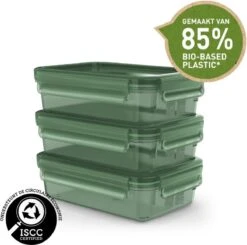 Tefal MasterSeal Eco Vershouddoos - 3-delige Set - 3x 0.8L - Groen -Mepal shop 1200x1188 4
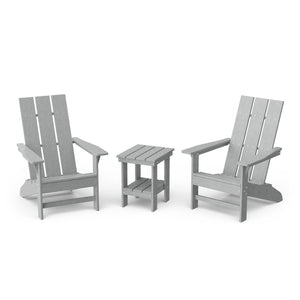 Freedom 3-Piece Modern Adirondack Set with Side Table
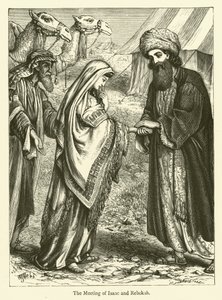 Das Treffen von Isaak und Rebekka von English School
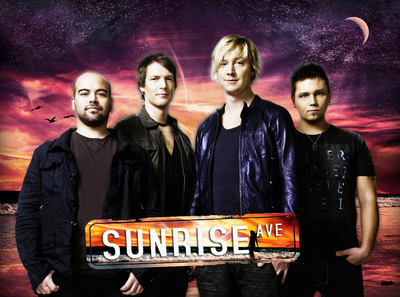 Sunrise Avenue poster with hanger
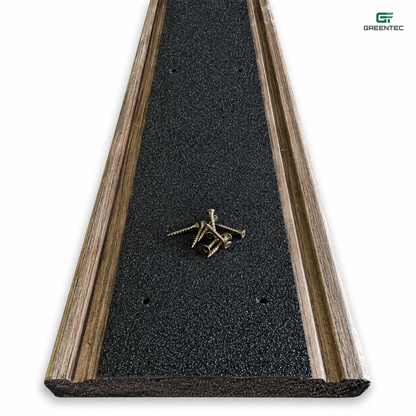 Lattes de terrasse antidérapantes en PRV GreenTec – 90 mm de large | 600 mm–1200 mm | Noir, Jaune, Marron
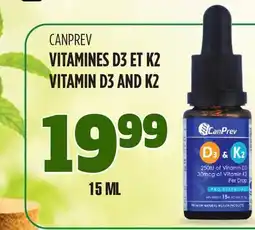 Marches Tau VITAMINES D3 ET K2 CANPREV offer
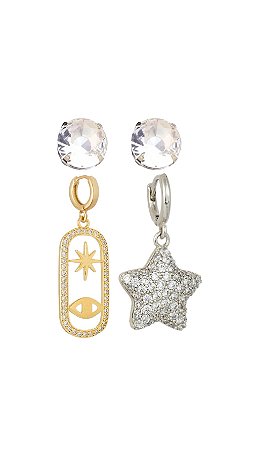 BRINCO KIT DE PINGENTES BOSSA ESTRELA E OLHO MIX JULIANA MANZINI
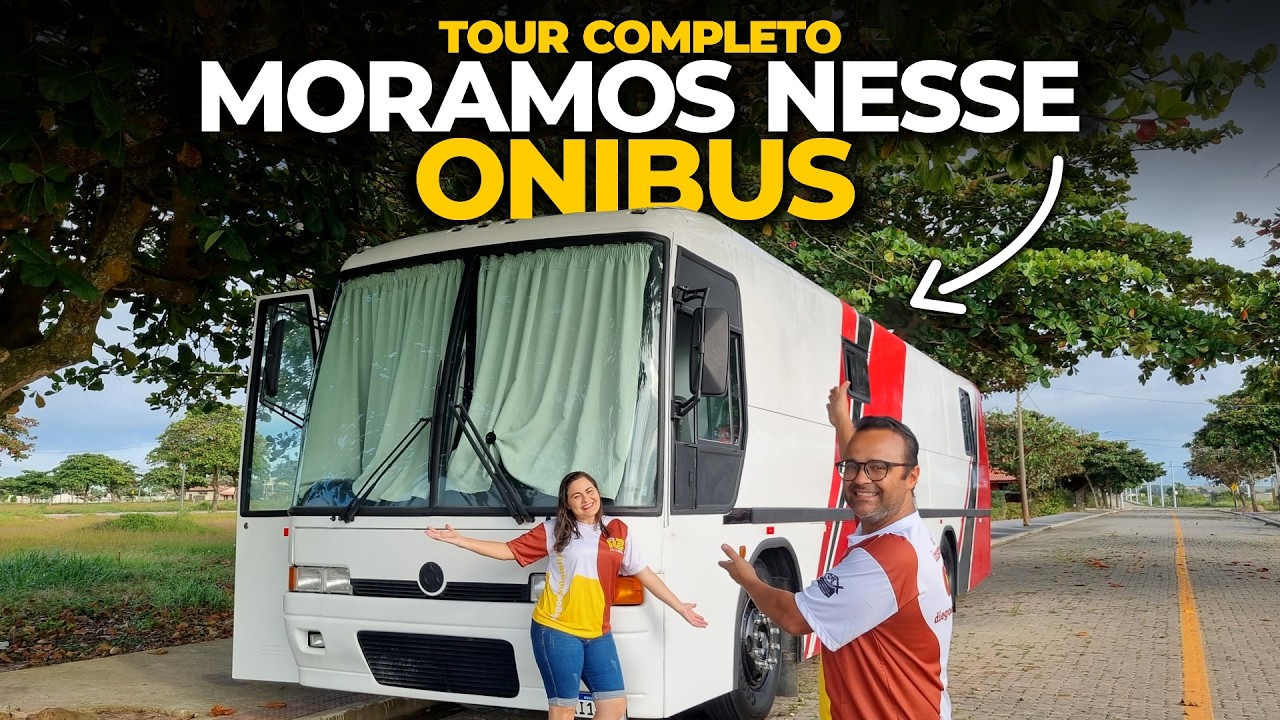 TOUR COMPLETO NO ONIBUS MOTORHOME, COMO TRANSFORMAMOS ESSE BUS EM NOSSA CASA ARTESANAL
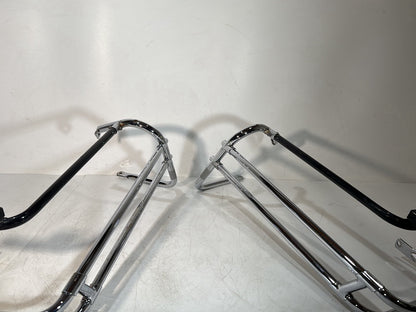 1984 - 1998 Harley-Davidson Touring Electra Glide Classic Rear Left Right Saddlebag Guard Rails Bar  	49193-93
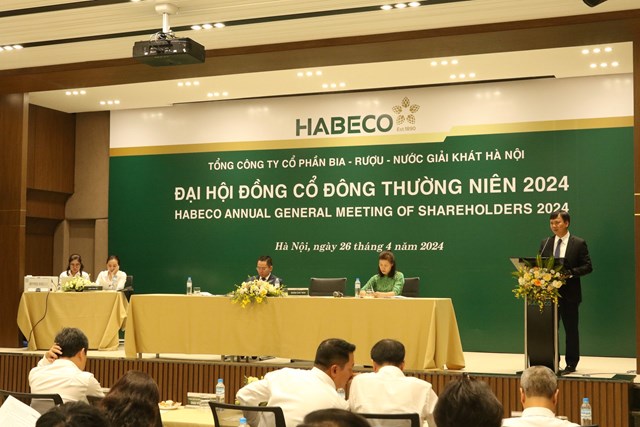 HABECO: Lợi nhuận 2023 vượt kế hoạch trong bối cảnh kh&#243; khăn, HABECO l&#234;n kế hoạch t&#237;ch cực năm 2024 - Ảnh 1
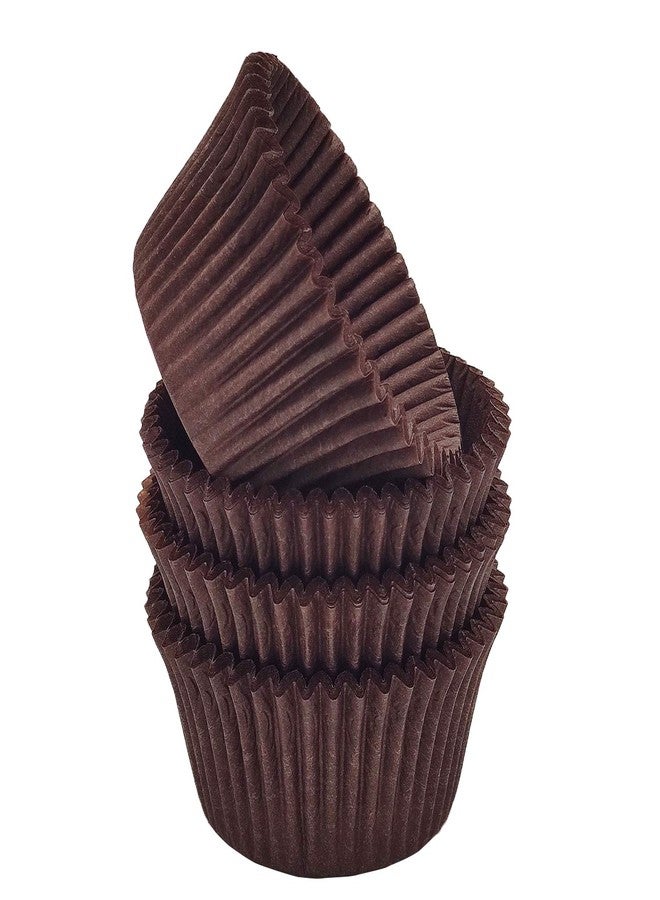 Mombake Premium Coffee Greaseproof Cupcake Liners Muffin Paper Baking Cups Standard Size, 100-Count - Image 2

:::::

Try it:
Text only, no pictures: please print exactly the lines above from the line with "Das Treffen von" up to and including the line with "1984 - 1998", and nothing else.

Expected output:
 Das Treffen von Isaak und Rebekka von English School
 Sunrise Avenue poster with hanger
 Lattes de terrasse antidérapantes en PRV GreenTec – 90 mm de large | 600 mm–1200 mm | Noir, Jaune, Marron
 Marches Tau VITAMINES D3 ET K2 CANPREV offer
 BRINCO KIT DE PINGENTES BOSSA ESTRELA E OLHO MIX JULIANA MANZINI
 TOUR COMPLETO NO ONIBUS MOTORHOME, COMO TRANSFORMAMOS ESSE BUS EM NOSSA CASA ARTESANAL
 1984 - 1998 Harley-Davidson Touring Electra Glide Classic Rear Left Right Saddlebag Guard Rails Bar  	49193-93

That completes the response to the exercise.